Headline9.com, MARTAPURA – Penyampaian Bupati Banjar terkait Rancangan Peraturan Daerah (Raperda) Kemudahan Perlindungan, Pemberdayaan Koperasi dan Usaha Mikro serta pendapat akhir fraksi-fraksi terhadap Raperda Pengelolaan Sampah menjadi agenda dalam kegiatan Rapat Paripurna DPRD Kabupaten Banjar, di Ruang Rapat Paripurna, Lantai II, Martapura, pada Rabu (18/2/2026).
Rapat itu dipimpin Wakil Ketua I DPRD Kabupaten Banjar, H Irwan Bora didampingi Wakil Ketua II, Akhmad Rizani Ansharie. Agenda penting itu juga dihadiri langsung Bupati Banjar H Saidi Mansyur bersama asisten, staf ahli serta kepala Satuan Perangkat Kerja Daerah (SKPD).
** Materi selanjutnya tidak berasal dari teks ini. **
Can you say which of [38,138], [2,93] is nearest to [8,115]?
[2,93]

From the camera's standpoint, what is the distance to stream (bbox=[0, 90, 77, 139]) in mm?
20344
Dalam pendapat akhir, seluruh fraksi-fraksi di DPRD Kabupaten Banjar menyetujui terhadap Rancangan Peraturan Daerah (Raperda) Pengelolaan Sampah dan bisa ditetapkan menjadi Peraturan Daerah (Perda).
Disetujuinya dalam pendapat akhir tersebut, tentunya diharapkan komitmen legislatif dan eksekutif dapat memperkuat tata kelola lingkungan yang lebih tertib, berkelanjutan serta dapat responsif saat dibutuhkan masyarakat.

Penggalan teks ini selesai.